%%

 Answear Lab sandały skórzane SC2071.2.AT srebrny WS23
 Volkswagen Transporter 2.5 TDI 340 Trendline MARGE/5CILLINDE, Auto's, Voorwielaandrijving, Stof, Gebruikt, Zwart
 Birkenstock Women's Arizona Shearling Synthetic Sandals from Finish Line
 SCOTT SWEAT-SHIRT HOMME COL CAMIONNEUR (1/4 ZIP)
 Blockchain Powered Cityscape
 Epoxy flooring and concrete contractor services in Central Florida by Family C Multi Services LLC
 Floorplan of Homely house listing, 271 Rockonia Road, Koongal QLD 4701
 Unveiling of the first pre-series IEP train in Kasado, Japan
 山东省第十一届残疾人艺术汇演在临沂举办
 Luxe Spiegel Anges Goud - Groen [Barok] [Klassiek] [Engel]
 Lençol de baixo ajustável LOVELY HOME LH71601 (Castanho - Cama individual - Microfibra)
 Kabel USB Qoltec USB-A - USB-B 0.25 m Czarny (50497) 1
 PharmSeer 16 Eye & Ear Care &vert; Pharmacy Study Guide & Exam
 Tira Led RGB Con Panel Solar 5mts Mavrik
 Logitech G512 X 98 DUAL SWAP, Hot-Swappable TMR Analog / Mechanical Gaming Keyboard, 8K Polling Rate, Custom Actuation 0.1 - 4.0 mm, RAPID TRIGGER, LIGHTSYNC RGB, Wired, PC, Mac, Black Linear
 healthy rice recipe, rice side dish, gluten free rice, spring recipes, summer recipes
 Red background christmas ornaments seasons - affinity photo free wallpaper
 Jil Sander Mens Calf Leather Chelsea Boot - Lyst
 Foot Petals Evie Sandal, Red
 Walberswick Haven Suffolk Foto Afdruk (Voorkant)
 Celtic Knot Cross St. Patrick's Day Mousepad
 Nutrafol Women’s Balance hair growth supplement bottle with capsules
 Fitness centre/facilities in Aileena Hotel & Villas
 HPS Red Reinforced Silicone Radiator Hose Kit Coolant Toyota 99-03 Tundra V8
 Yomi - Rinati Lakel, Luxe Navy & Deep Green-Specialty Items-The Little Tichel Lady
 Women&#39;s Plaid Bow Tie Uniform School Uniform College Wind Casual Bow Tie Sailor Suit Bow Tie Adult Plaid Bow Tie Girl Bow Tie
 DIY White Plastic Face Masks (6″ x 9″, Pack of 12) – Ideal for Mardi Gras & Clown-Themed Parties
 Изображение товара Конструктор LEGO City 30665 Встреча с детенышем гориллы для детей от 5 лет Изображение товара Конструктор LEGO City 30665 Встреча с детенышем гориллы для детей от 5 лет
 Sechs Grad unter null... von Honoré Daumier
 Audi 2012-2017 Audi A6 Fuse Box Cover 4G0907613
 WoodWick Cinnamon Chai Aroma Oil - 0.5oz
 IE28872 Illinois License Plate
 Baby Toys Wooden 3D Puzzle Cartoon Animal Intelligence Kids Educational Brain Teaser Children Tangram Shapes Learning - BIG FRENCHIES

%%

▸ YOUR ASSIGNMENT:
From the line that contains "WoodWick Cinnamon Chai Aroma Oil - 0.5oz" to the last line of the material above, repeat every line exactly, keeping both the first and the last.

▸ RESPONSE AREA:
 WoodWick Cinnamon Chai Aroma Oil - 0.5oz
 IE28872 Illinois License Plate
 Baby Toys Wooden 3D Puzzle Cartoon Animal Intelligence Kids Educational Brain Teaser Children Tangram Shapes Learning - BIG FRENCHIES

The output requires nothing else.